[Brief descriptive captions]
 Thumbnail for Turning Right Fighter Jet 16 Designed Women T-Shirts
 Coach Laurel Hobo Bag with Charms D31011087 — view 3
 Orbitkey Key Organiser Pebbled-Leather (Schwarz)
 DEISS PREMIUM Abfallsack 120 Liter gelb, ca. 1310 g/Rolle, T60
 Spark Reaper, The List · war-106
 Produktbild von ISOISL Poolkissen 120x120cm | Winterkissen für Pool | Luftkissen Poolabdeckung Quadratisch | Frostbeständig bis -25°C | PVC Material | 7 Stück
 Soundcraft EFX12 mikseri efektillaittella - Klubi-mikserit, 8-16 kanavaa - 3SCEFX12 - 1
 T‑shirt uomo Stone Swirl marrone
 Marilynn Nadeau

* * *

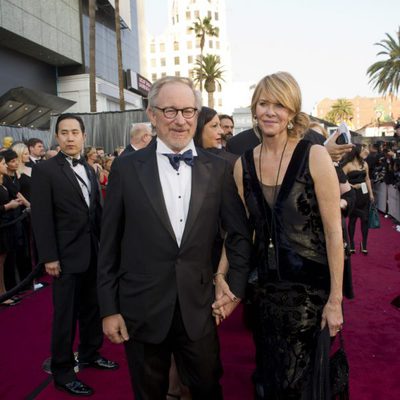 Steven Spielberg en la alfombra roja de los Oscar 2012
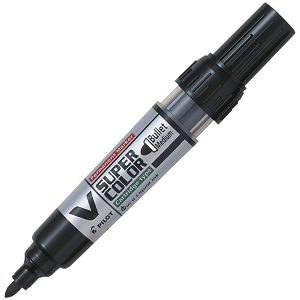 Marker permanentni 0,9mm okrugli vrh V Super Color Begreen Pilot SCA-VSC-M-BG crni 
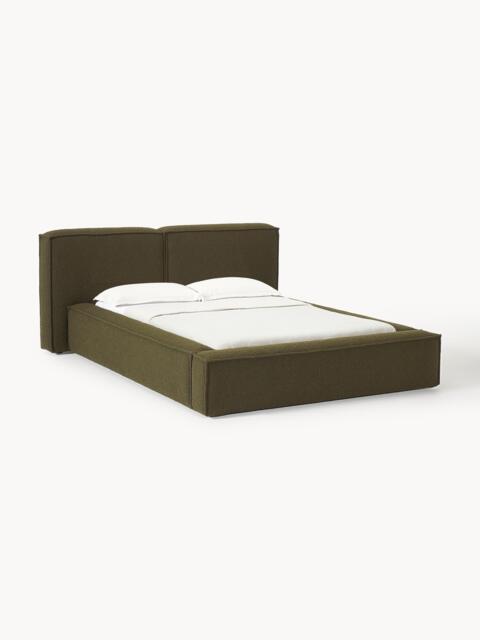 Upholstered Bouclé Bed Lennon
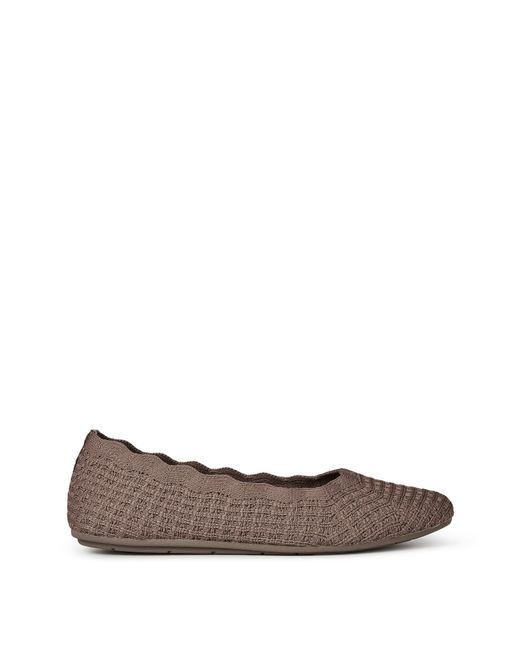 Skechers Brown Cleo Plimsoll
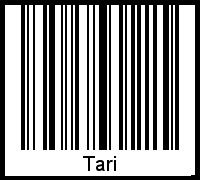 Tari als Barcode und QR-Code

**Problem details:** Treat the line with "Skechers Brown Cleo Plimsoll" as the start and the line with "Tari als Barcode und QR-Code" as the end, and return exactly that span of the data above, both ends included, without pictures.

**Completed task:**
 Skechers Brown Cleo Plimsoll
 Tari als Barcode und QR-Code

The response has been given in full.